Protection and Prevention
Barry Strauss, COO, Elegrity; Curt Cunningham, CIO, Fragomen; Michael Lewis, CIO, Hogan Lovells; and Ramound Umerley, CDPO, Pitney Bowes, had a very engaging discussion about how firms can best protect their data. In the beginning stages, firms should prioritize their assets. What documents, emails, IP, databases, software, and services are most important? As new data arrives, the firm should examine the process. How is data stored, transmitted and deleted? The process for each aspect needs to be examined carefully. The firm has to be mindful of both structured and unstructured data and in addition, understand and follow the rules for national and international compliance of this information.
Several of the panelists suggested that every firm should conduct its own network penetration tests. Lewis recommended his firm’s design phishing emails to see which employees are actually clicking on those links. Another aspect he mentioned was to review data retention policies. Are these policies industry standard? He also advocated that firms take a baseline network traffic report from all offices. Once established, that can be compared to any unusual traffic on your network, setting off alerts to anomalies and a possible compromise.
Some other protection and prevention methods:
- Use encryption everywhere that you can; email, documents, databases, SAN
- Web Application Vulnerability Testing
- Mobile Device Management – separate data on their BYOB
- ISO certification and accreditation
Another critical aspect of firm culture is incident response. The panel discussed the need to have a cross-functional team in place for when the cyber-attack occurs. This group should include many of the following groups: Communications, Human Resources, Business Development, Managing Partners, IT, Audit, and Information Security. A suggestion that hit a chord with the audience was accessibility to your vendors. That is, the ability to contact a vendor no matter what time of day or night. Get the phone number to a real person who is accountable. They emphasized that this should be negotiated and arranged in the contract.

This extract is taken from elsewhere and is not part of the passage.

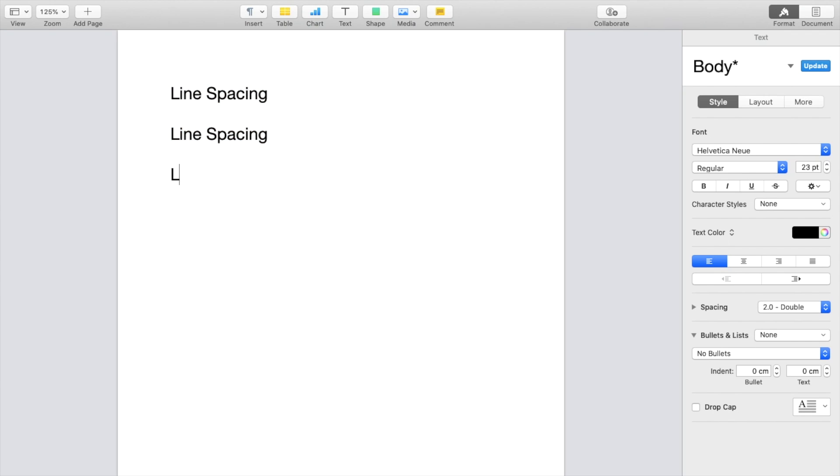So for it to go right below it, line spacing, just like that. Line spacing, just like that. And same thing,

Lastly, once an issue is complete, conduct a retrospective of the attack and defined learnings for the next event.
In an age where law firms are clearly in the sights of cyber criminals, there is a need to act. Law firms are aligning their understanding of security and risks directly with the need for a sharp focus on internal talent and culture. Protection, prevention, and incident response methods are a major component of safeguarding the firm’s assets. The panel closed with their three most important takeaways: prepare technologically, educate your staff, and create clear processes.